Note: This is the third in a series about the “achievements” of Harney University.

While Harney University achieved legendary status in just about every field of study in the early 1900s, things didn’t start off that way.

The faculty, which included Jacob Turner, Jerry Overholser, Daniel Shorb, Sterling Galt, and Bill Snyder, wasn’t always known for their professorial skills. However, even before Harney University became famous, the group of men who met regularly at the Slagle Hotel in Emmitsburg were showing off their storytelling skills in the pages of the Emmitsburg Chronicle and planting the seeds for the future university.

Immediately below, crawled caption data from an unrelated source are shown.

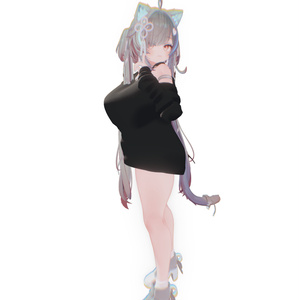 【イチゴちゃん衣装】OverSizeLongT 缩略图 5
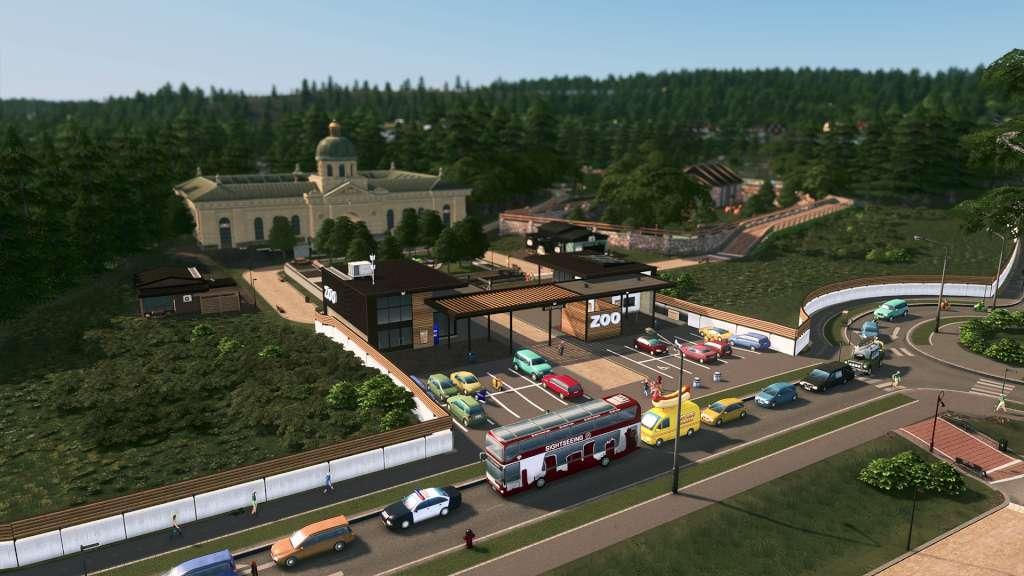 Cities: Skylines - Parklife بلس DLC ستيم كود رقمي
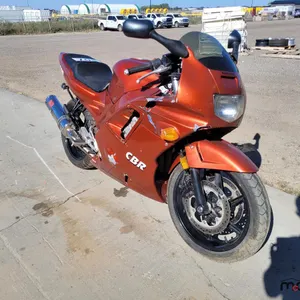 1992 Honda CBR 600F2 Motorcycle (Non Runner)
 UNRESERVED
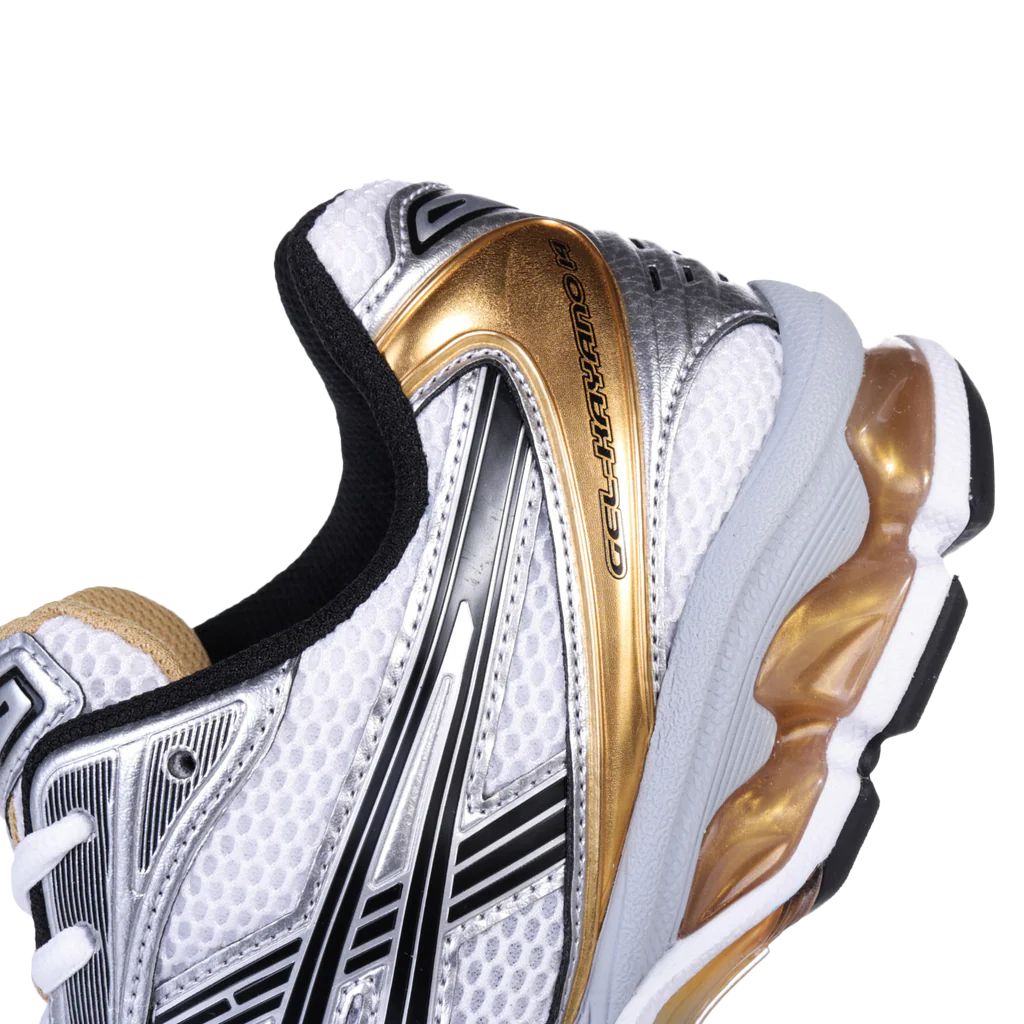 ASICS Gel-Kayano 14 'White Pure Gold'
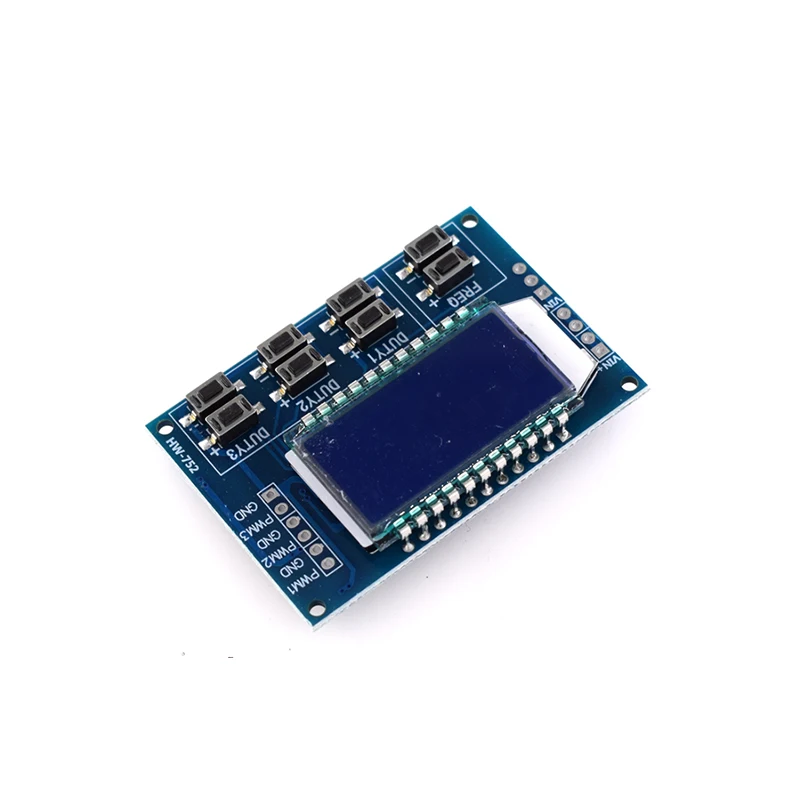 1Hz 150 кГц Отношение сигнал/генератор PWM модуль GSM Частота импульсов рабочий цикл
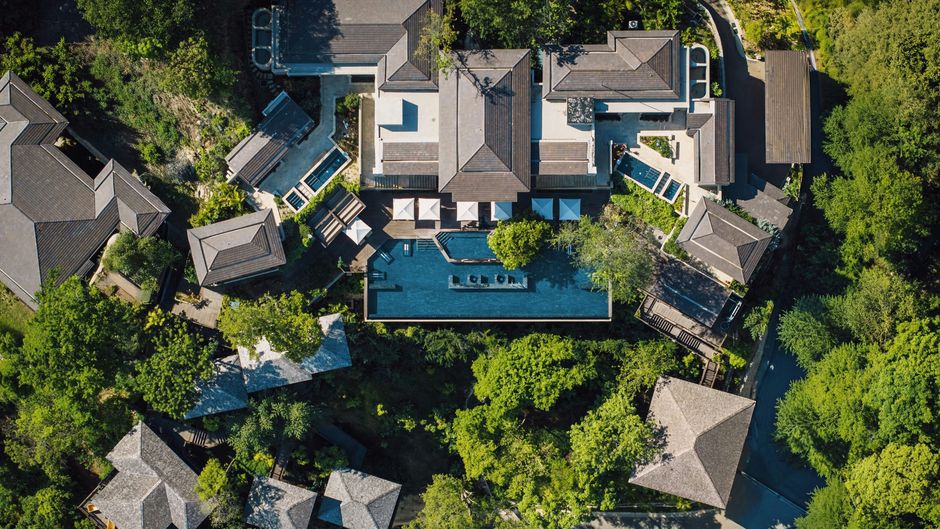 Nekajui Peninsula Papagayo Exterior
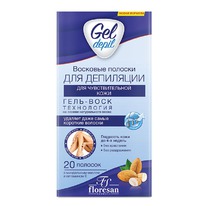 FLORESAN Gel depil �������� ������� �/��������� ��������. ���� � ������ �������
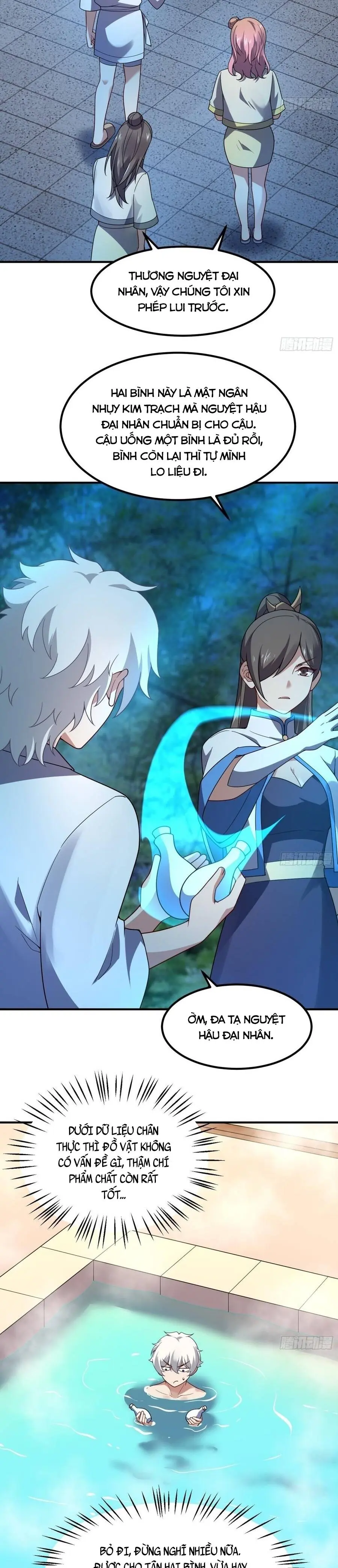 Ngự Thú Tiến Hóa Chapter 43 - Trang 18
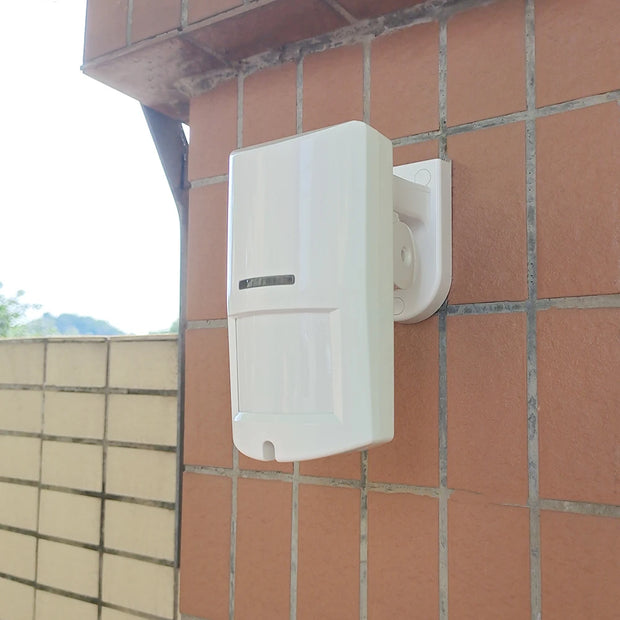 Advanced Wired Home Alarm – Reliable Outdoor Security
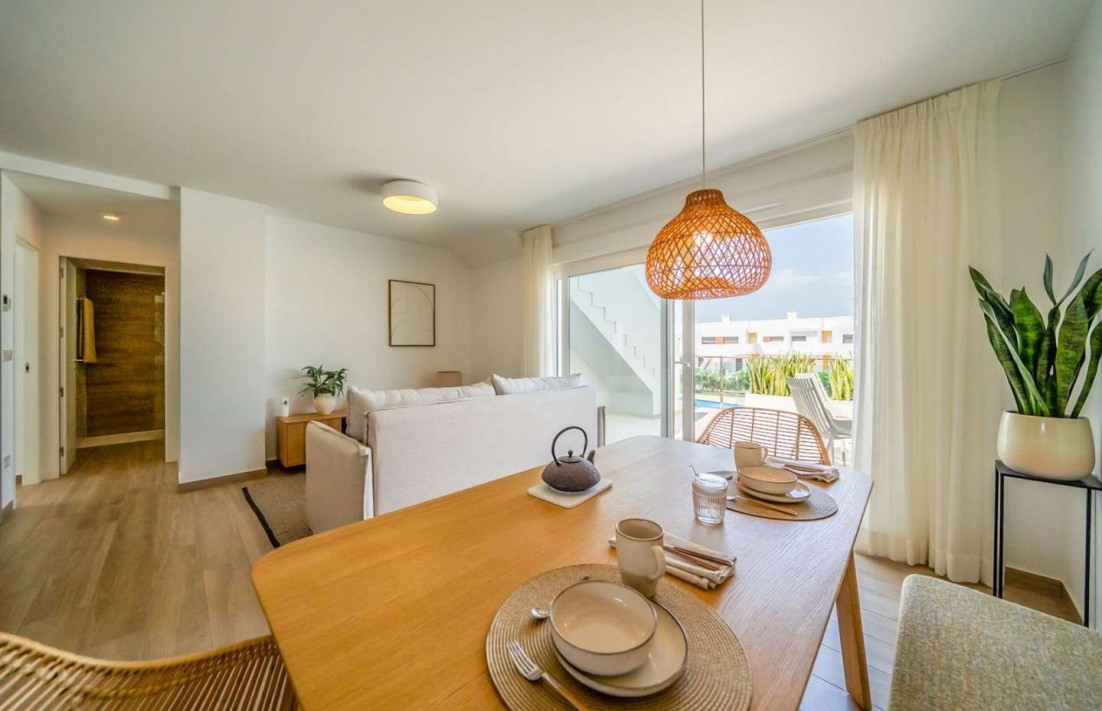 Resale - Apartment - Orihuela - Vistabella Golf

Uncle Bill’s Column seems to be the forerunner to Harney University and boasts the same mock seriousness that the university would come to use. The column, “Uncle Bill,” answered such curious questions and requests as: “Please give in, in the Aztec language, a portion of Mrs. Roosevelt’s remarks about Mr. Harriman,” and “What noted fish are found in the Hongaloonbink River?”

In a 1909 story in the Emmitsburg Chronicle, Dan Shorb, Bill Snider, Ed Brown, and Nathan Hoke added to the Frederick County legend of the snallygaster monster by recounting their encounter with the beast. The men fought with it for hours, chasing it to Carroll County. It was described as having “ghost-like wings,” bristles that stuck from its snout, and “its hide was the color of the down side of a catfish.” It could also breathe fire.

“Bill Snider says it sounded for all the world like Flat Run at high tide where the waters rush over the rocks at Whitmore’s Wharf, only more so,” the Chronicle reported. “The air was charged with some peculiar smell, rather loud too for it wakened the man in the signal tower at Dry Bridge.”

During 1910, a number of articles talked about the airship that Dan Shorb built. It was 130 feet long and 16 feet wide and carried “two auto-magneto-bi-sparking generators, a cogless centripedal concussion plane and three wireless rudders,” according to the Chronicle. It had an 87-horsepower engine, fueled with horse mint oil. Its maiden voyage was to include dignitaries who would accompany the inventors “on this, the initial, and most likely, the final trip,” according to the Chronicle.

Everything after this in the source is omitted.